> **Aim of the task**
For the entries below, the expected answer is the line with "Waffle Knit Hanky-Hem", the line with "Gray Ribbed Trim", and every line between them, exactly as written, and nothing more.

> **Input data**
#####
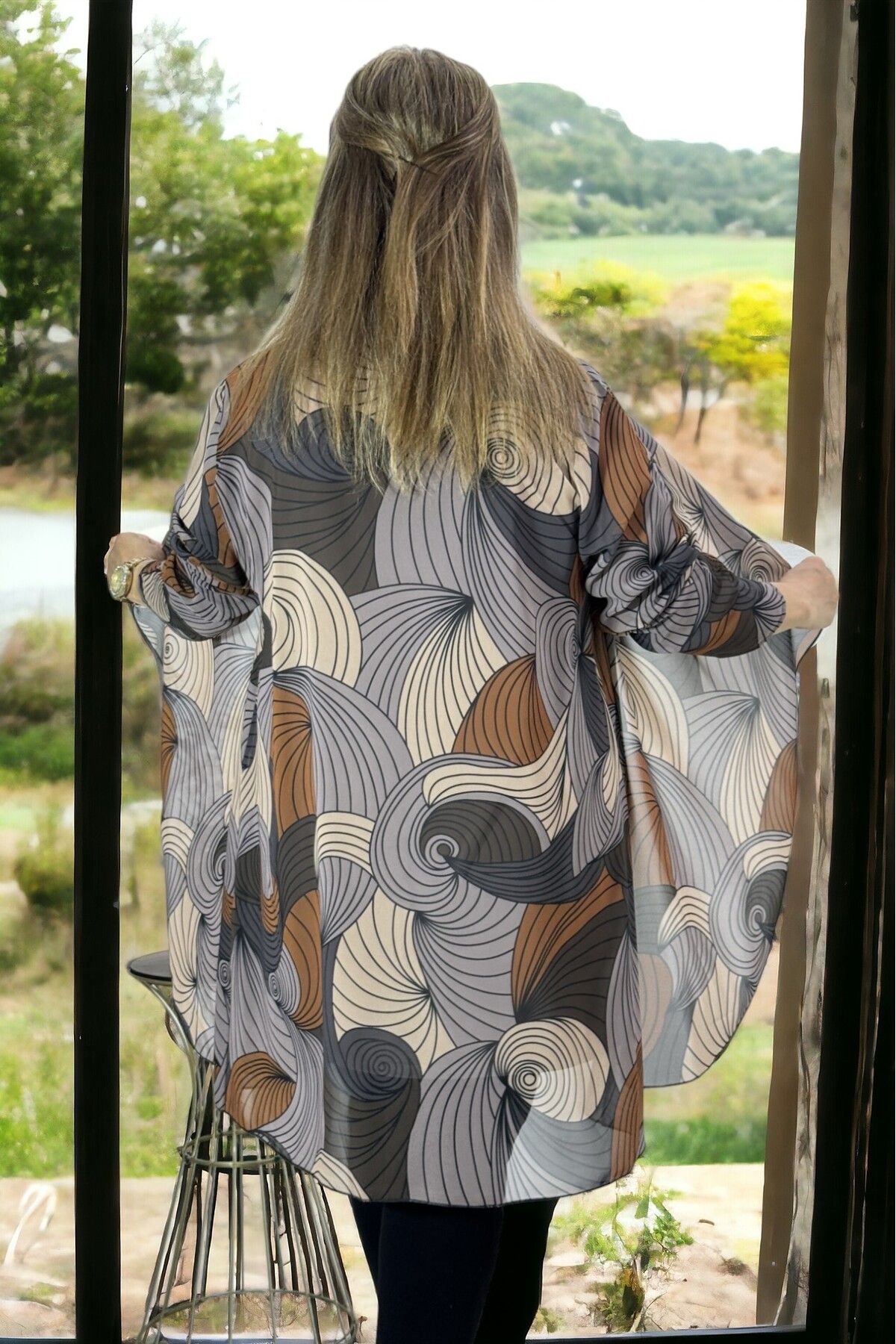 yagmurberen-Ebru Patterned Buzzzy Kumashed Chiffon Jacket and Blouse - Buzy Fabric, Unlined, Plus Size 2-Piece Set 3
#####
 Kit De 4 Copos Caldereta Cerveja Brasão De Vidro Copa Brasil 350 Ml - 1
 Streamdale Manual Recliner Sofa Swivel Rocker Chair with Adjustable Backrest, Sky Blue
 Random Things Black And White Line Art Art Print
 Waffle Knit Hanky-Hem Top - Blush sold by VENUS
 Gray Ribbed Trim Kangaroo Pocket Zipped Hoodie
#####
> **Exercise response**
 Waffle Knit Hanky-Hem Top - Blush sold by VENUS
 Gray Ribbed Trim Kangaroo Pocket Zipped Hoodie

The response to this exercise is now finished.